● Assignment: Using the listing below, set down exactly the lines from the one that contains "Smart disabled. Public" through the one that contains "5 and 7 year", with no pictures.

● Information shown:
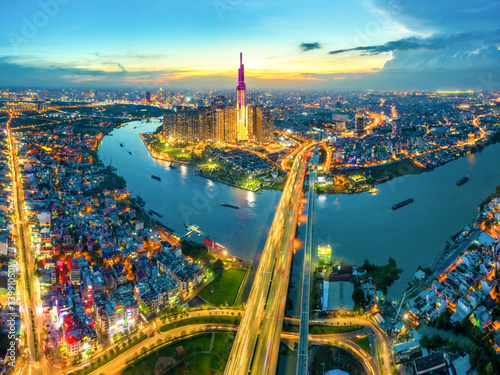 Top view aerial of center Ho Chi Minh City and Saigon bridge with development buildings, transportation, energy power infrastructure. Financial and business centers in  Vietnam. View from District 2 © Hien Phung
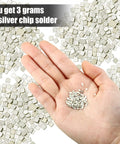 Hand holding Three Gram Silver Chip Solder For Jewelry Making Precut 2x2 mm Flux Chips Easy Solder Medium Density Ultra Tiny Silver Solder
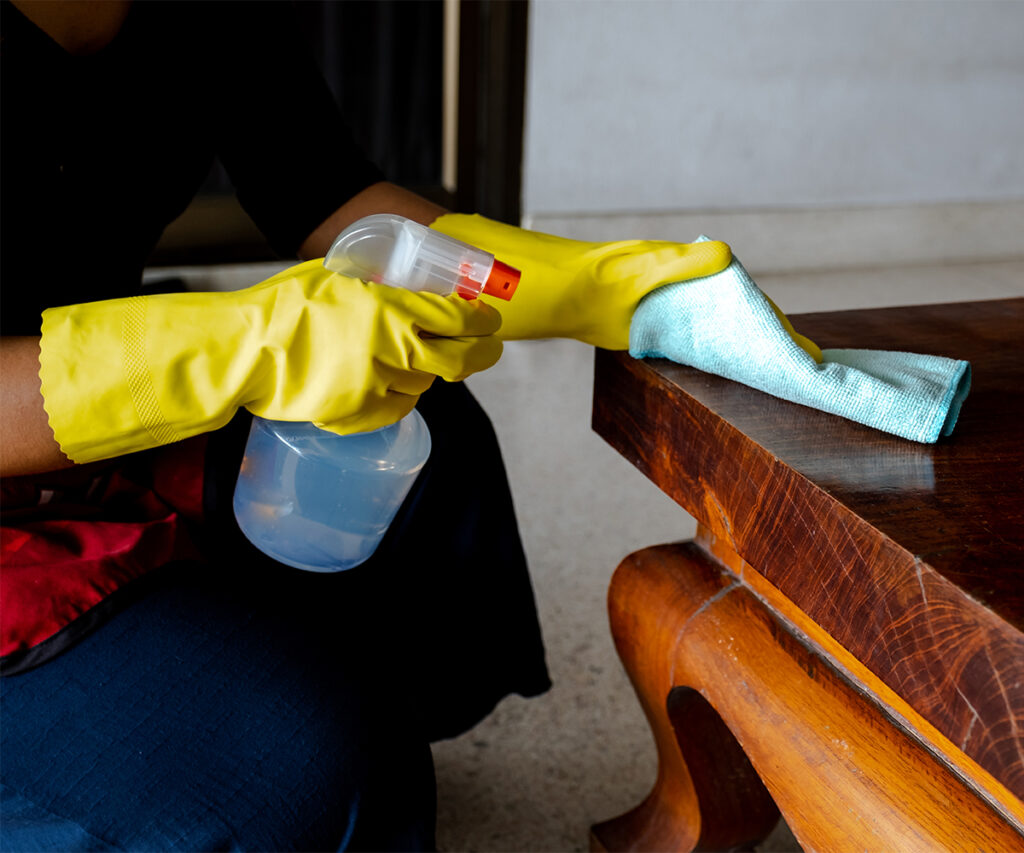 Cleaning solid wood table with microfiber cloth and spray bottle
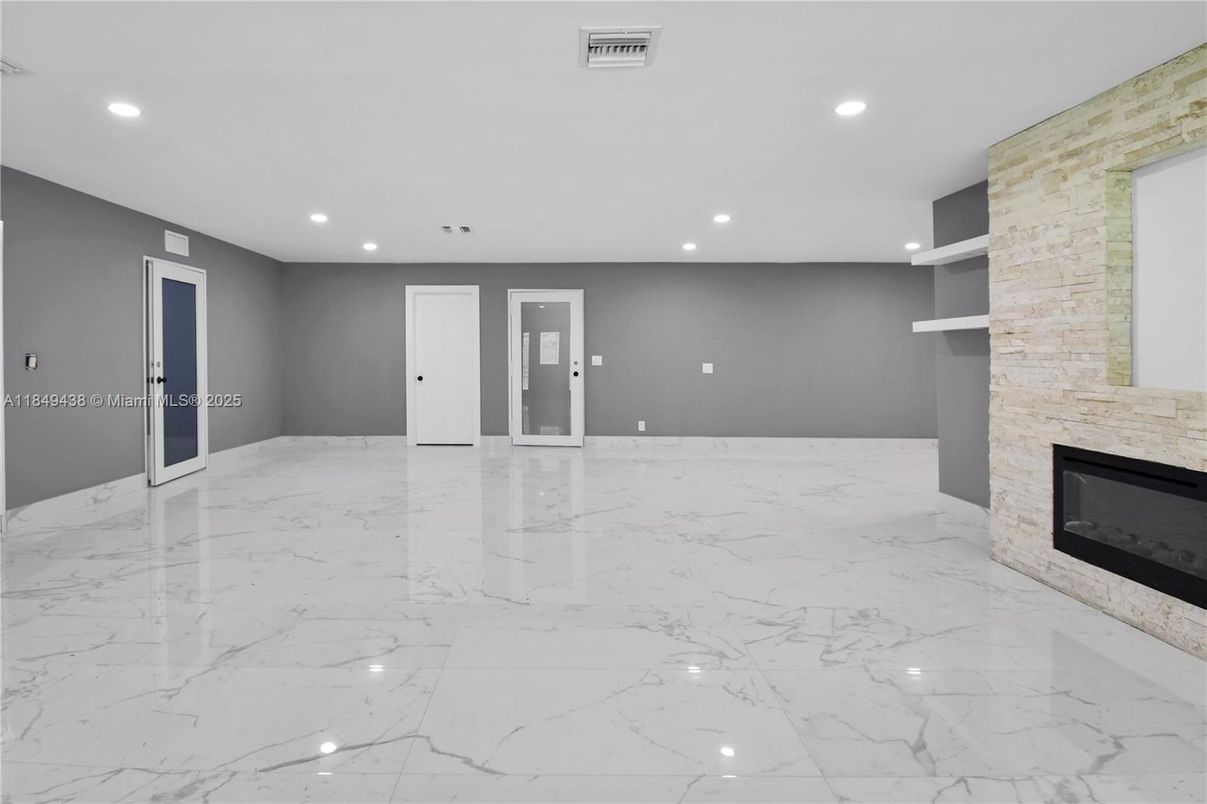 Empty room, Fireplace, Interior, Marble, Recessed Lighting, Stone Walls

...

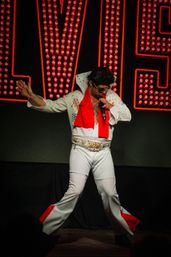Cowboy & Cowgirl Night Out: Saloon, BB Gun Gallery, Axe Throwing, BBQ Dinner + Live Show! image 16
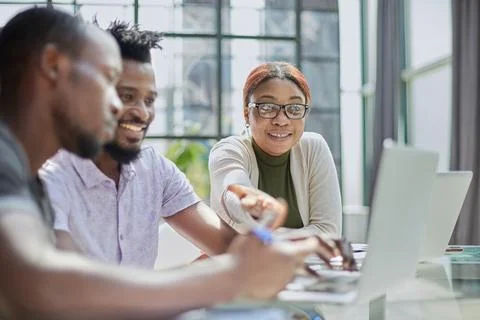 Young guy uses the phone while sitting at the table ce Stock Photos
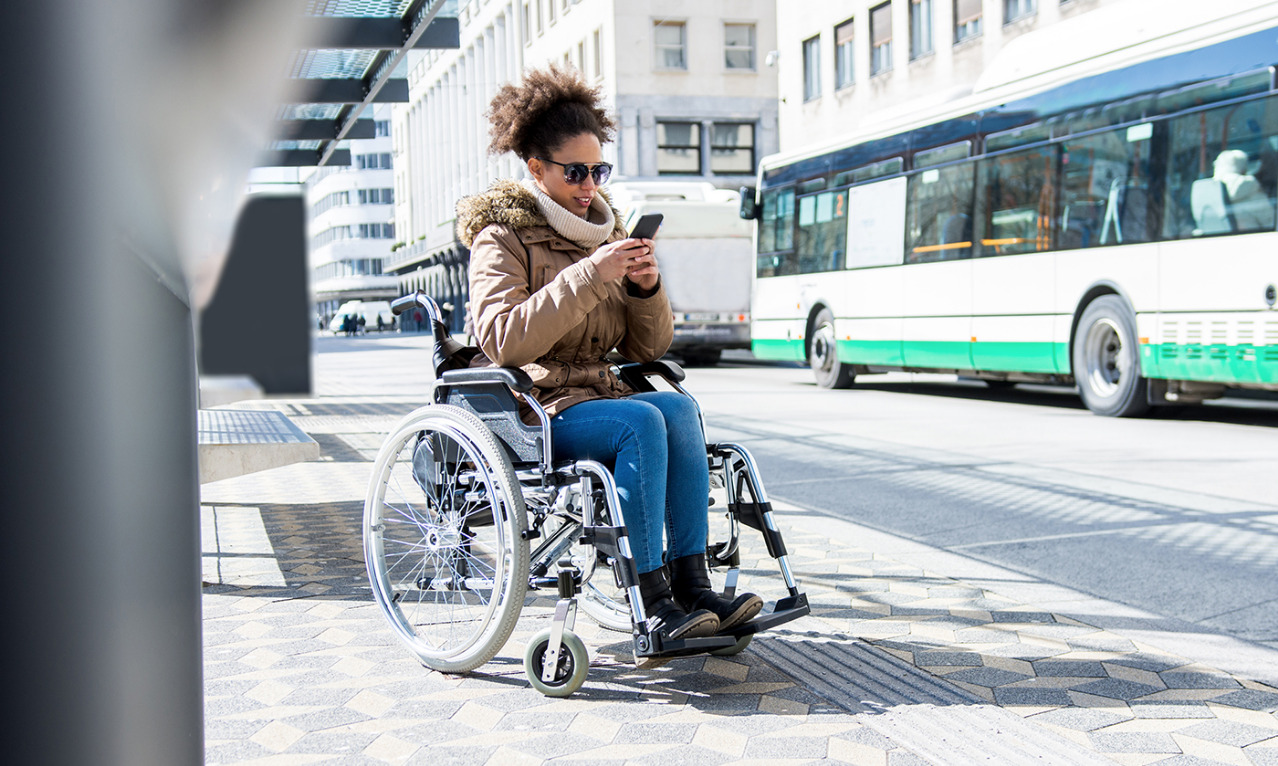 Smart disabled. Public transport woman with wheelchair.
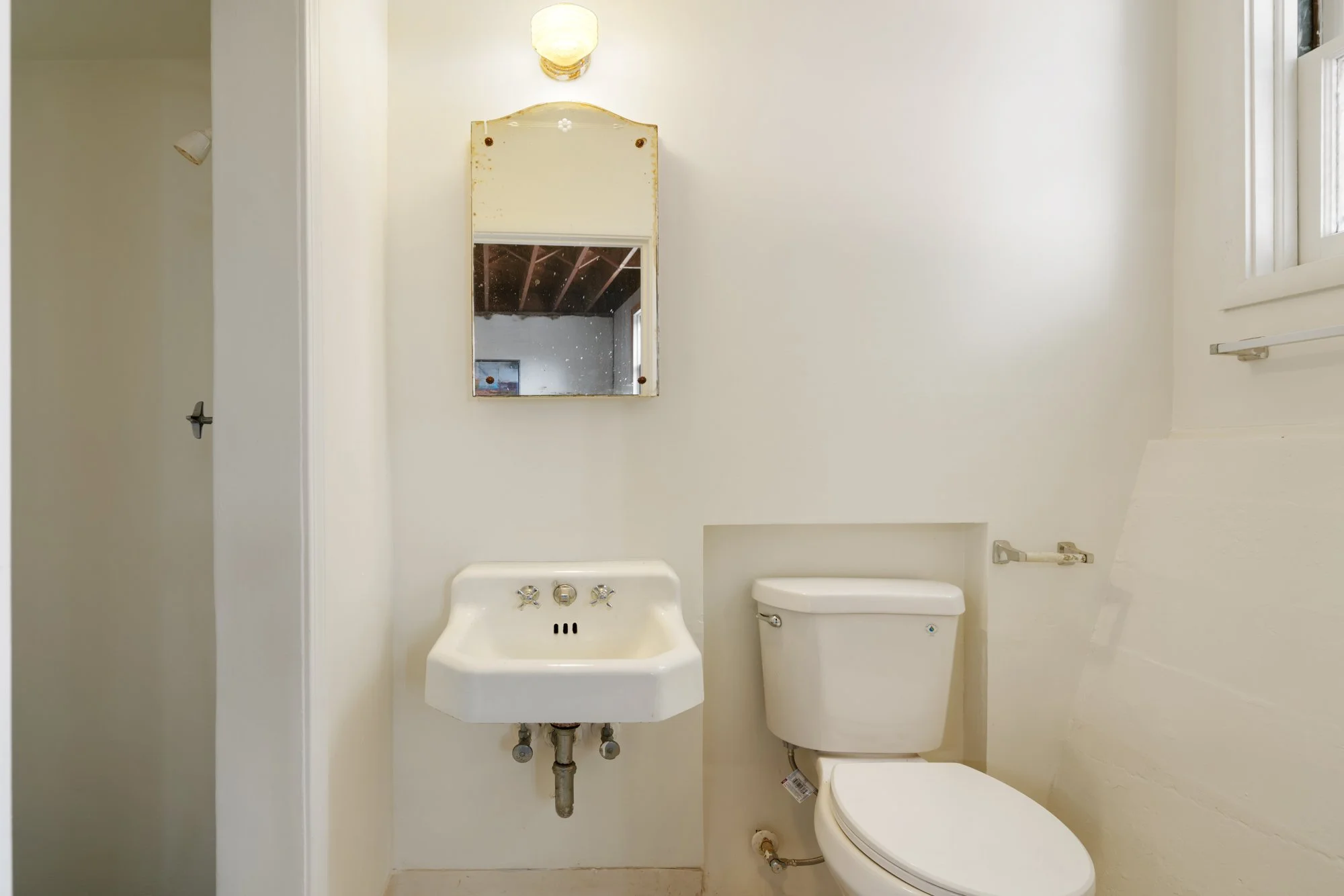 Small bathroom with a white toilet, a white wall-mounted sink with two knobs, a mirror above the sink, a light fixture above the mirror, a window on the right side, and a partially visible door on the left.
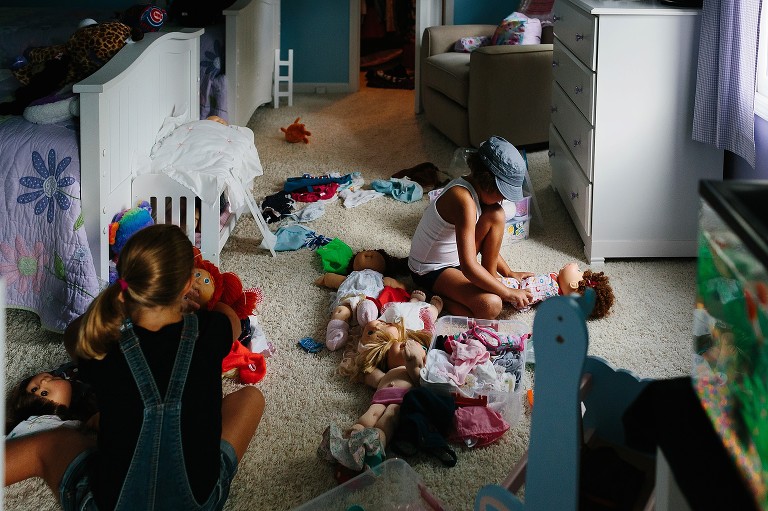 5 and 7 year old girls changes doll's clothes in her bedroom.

● Reply:
 Smart disabled. Public transport woman with wheelchair.
 Small bathroom with a white toilet, a white wall-mounted sink with two knobs, a mirror above the sink, a light fixture above the mirror, a window on the right side, and a partially visible door on the left.
 5 and 7 year old girls changes doll's clothes in her bedroom.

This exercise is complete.